Question

The velocity of current in a river grows in proportion to the distance from its bank and reaches the maximum value $v_0$ in the middle. Near the banks the velocity is zero. A boat is moving along the river in such a manner that the boatman rows his boat always perpendicular to the current. The speed of the boat in still water is u. If the distance through which the boat crosses the river is carried away by the current, $\dfrac{{bc{v_0}}}{{2u}}$, where c is the width of the river. Find b.

Answer 1

Hint: When the boat travels in the direction perpendicular (say y-direction) to that of the flow of the river the river current will also push the boat in its own direction(say x-direction). Which means that the final velocity of the boat will be the resultant of its own velocity in y-direction and the velocity of river current in x-direction.

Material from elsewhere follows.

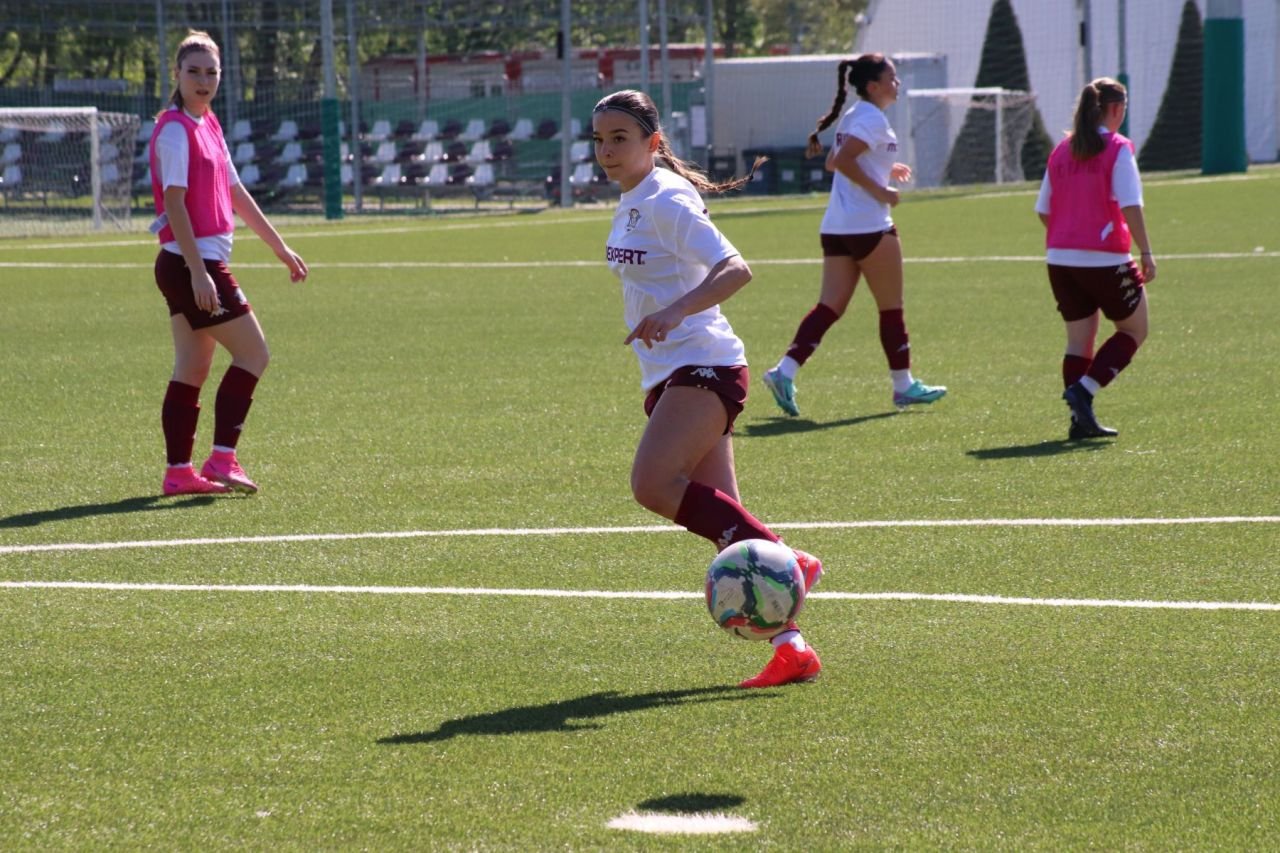 Promovare pentru echipa feminină a Rapidului, după ce a distrus-o pe FC Voluntari!_14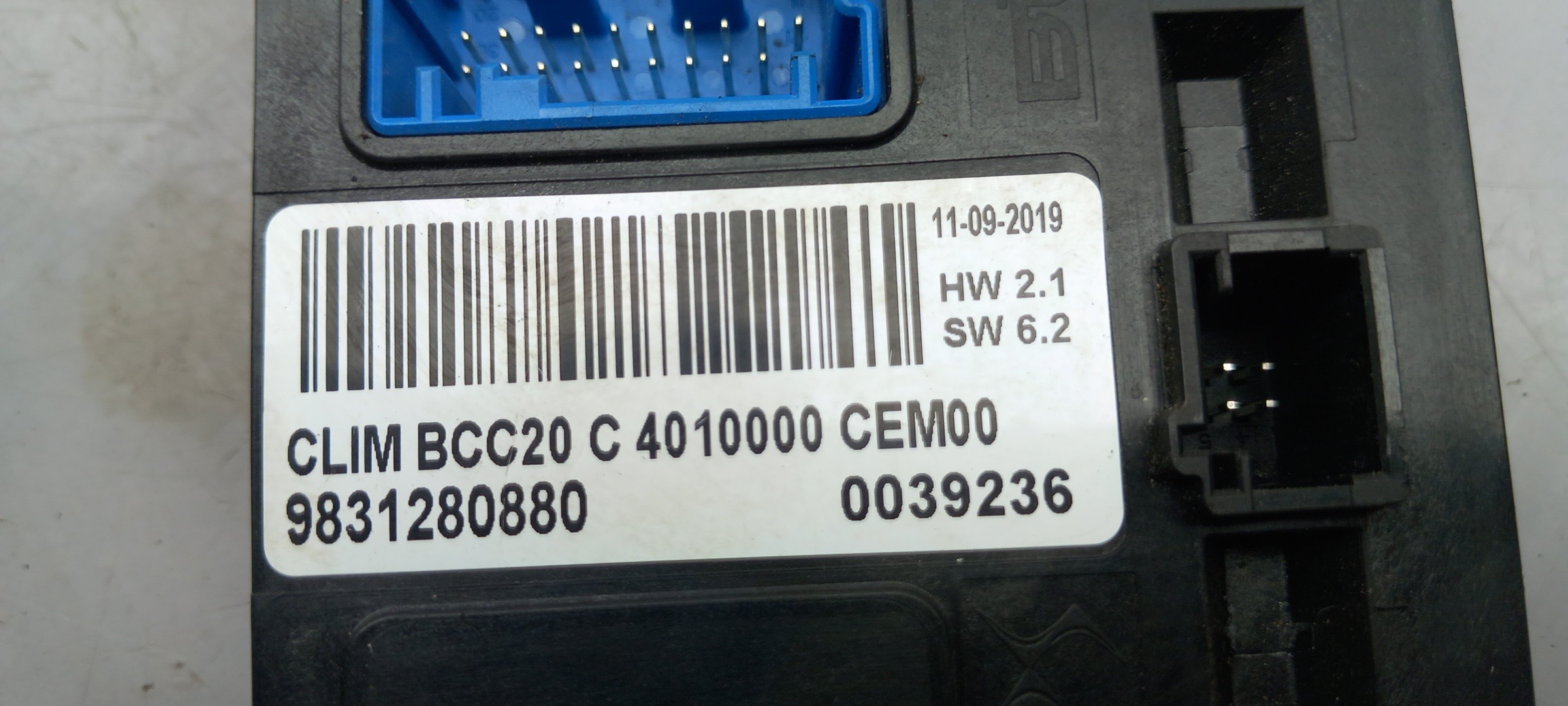 Generic Unit Module OPEL Corsa F Imagem-3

Complete step by step answer:



The speed of the boat is u m/s, speed of the river stream rises proportional to its distance from the bank and is maximum at the centre of the river and it has a value of $v_0$ m/s.
Velocity of the boat in y-direction (i.e. perpendicular to the flow),
${v_y} = \dfrac{{dy}}{{dt}}$
$\dfrac{{dy}}{{dt}} = u$...................(1)
Velocity of the boat in x-direction (i.e. along the flow of stream), consider the stream at a distance y from the bank having velocity $v_x$. By similarity of triangles we can say,
$\dfrac{{{v_x}}}{y} = \dfrac{{{v_0}}}{{\left( {c/2} \right)}} \Rightarrow {v_x} = \dfrac{{2{v_0}}}{{cy}}$
${v_x} = \dfrac{{dx}}{{dt}} \Rightarrow \dfrac{{dx}}{{dt}} = \dfrac{{2{v_0}}}{{cy}}$.................(2)
Divide equation (1) by equation (2) we get,
$\dfrac{{dy}}{{dx}} = \dfrac{{uc}}{{2{v_0}y}}$
Rearranging and integrating above equation,
$\int\limits_0^y {ydy = } \dfrac{{uc}}{{2{v_0}}}\int\limits_0^x {dx} $
${y^2} = \dfrac{{ucx}}{{{v_0}}}$................ (3)
Putting $y = \dfrac{c}{2}$in the above equation we get,
$x = \dfrac{{c{v_0}}}{{4u}}$
Also, for the total distance travelled in x-direction $x_{net}$ is given by,
${x_{net}} = 2x \Rightarrow {x_{net}} = \dfrac{{c{v_0}}}{{2u}}$..................(4)
But total distance travelled in x-direction due to the river current is given in the problem as,
${x_{net}} = \dfrac{{bc{v_0}}}{{2u}}$..................(5)

Comparing equations (4) & (5) we get, $b = 1$.

Note: The triangle shown in the figure signifies the linear variation of the velocity of river current with respect to its distance from the banks of the river. So at any arbitrary distance y we can calculate the velocity of the river current, by using the equation ${v_x} = \dfrac{{2{v_0}}}{{cy}}$ which was derived by applying the concept of similarity of triangles.